Un simple ejercicio mental es muy revelador a este respecto. Imaginemos por un momento que los calificativos que nos permitimos emplear para calificar a los votantes de Donald Trump, Mariano Rajoy o Pablo Iglesias fueran utilizados para hablar de los “hombres”, las “mujeres” o los “musulmanes”. Resultarían socialmente muy inapropiados (y en algunos casos susceptibles incluso de constituir delito de odio) y, sin embargo, no lo resultan para calificar al adversario político.

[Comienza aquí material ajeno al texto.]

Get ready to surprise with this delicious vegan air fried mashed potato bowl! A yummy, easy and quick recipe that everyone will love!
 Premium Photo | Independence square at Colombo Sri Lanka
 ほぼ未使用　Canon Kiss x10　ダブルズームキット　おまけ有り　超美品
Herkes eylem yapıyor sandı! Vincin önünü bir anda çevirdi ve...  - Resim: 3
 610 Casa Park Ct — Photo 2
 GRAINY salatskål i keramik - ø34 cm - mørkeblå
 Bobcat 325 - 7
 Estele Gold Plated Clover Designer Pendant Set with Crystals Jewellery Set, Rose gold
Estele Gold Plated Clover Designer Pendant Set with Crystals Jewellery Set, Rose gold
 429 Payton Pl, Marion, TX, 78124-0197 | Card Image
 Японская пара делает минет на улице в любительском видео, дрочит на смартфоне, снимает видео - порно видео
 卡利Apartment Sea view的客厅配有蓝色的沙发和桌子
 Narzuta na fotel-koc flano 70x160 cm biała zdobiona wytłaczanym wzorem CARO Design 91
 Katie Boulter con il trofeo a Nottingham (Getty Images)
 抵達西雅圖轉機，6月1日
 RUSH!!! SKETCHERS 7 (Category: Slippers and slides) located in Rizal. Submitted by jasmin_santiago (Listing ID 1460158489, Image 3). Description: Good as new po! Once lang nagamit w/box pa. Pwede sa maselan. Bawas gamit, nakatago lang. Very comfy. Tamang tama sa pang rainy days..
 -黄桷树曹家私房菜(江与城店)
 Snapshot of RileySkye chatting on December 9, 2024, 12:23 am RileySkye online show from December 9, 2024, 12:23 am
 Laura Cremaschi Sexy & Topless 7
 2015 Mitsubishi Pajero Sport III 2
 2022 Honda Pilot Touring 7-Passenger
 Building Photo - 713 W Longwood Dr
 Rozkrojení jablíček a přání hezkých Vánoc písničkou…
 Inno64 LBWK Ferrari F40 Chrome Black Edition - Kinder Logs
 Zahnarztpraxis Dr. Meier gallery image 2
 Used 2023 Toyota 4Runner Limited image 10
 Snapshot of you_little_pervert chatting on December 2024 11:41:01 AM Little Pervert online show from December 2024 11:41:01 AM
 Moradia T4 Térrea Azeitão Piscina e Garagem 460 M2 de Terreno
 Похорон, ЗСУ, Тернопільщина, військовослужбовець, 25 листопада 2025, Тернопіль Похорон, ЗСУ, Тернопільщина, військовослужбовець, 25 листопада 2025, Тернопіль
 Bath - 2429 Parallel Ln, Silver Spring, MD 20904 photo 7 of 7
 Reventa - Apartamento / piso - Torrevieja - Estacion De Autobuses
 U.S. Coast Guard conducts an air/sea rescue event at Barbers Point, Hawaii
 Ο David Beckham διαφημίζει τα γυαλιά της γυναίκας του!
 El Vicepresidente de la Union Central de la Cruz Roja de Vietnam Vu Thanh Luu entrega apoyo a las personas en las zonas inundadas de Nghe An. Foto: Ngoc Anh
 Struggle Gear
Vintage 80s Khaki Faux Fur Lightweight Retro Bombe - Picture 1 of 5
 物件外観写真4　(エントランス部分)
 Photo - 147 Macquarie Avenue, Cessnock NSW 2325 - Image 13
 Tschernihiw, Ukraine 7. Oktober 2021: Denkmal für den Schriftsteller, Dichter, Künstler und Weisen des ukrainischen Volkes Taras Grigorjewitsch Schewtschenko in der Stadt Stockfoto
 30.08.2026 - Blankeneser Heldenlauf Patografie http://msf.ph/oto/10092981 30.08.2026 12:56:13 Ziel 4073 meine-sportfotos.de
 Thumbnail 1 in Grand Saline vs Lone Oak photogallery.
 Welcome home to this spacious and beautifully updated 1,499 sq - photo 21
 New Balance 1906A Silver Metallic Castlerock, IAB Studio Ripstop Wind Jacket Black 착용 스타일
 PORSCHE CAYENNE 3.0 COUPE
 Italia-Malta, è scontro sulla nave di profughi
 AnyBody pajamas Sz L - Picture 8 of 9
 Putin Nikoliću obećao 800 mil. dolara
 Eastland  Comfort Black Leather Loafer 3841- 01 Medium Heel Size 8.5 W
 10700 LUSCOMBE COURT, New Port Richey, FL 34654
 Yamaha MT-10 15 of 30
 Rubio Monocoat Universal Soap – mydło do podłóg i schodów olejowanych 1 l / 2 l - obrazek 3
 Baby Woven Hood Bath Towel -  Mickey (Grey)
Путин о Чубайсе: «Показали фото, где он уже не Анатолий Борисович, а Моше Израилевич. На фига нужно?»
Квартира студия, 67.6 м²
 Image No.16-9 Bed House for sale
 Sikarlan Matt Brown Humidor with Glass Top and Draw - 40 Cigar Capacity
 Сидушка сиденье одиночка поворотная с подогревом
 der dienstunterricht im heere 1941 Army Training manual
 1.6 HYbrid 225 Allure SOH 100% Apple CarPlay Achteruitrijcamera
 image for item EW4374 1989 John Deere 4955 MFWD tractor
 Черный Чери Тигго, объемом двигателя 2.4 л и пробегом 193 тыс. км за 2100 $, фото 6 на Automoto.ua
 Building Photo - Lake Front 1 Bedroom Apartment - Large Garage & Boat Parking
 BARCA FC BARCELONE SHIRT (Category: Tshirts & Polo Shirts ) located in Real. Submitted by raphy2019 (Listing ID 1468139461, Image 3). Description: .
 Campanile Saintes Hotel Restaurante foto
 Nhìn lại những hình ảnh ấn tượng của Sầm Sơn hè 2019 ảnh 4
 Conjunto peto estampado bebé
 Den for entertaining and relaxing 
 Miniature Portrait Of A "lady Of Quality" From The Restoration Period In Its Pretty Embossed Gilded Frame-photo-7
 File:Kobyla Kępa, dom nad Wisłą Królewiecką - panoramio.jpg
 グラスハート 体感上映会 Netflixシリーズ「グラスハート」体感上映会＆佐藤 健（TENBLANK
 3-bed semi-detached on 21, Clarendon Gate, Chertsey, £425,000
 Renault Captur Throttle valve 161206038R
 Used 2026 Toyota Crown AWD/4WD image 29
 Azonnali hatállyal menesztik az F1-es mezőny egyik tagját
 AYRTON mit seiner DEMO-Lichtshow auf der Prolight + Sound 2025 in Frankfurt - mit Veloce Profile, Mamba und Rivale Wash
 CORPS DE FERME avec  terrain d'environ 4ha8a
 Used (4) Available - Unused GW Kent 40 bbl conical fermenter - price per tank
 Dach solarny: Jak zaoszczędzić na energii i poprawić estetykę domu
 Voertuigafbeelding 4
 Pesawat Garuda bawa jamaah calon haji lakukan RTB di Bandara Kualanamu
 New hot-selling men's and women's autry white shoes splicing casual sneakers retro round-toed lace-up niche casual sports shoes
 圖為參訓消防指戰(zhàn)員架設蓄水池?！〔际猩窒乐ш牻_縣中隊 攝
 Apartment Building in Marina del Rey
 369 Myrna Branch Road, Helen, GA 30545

Hay dos motivos adicionales que hacen que la polarización partidista siga en aumento. Por un lado, la retórica de los líderes de los partidos hace que parezca perfectamente aceptable despreciar a los oponentes políticos. La reciente campaña electoral estadounidense supone un ejemplo de libro de este argumento. Por último, también se ha asociado la creciente polarización con la exposición continuada a campañas electorales. La sucesión de elecciones regionales, nacionales e incluso supranacionales hace que los partidos no abandonen el lenguaje agresivo propio de las campañas electorales. El ciclo electoral que comenzó en España en 2014 y que ha mantenido al país en un estado continuo de campaña electoral tiene mucho que ver, sin duda, con la creciente polarización que también se observa en la política española.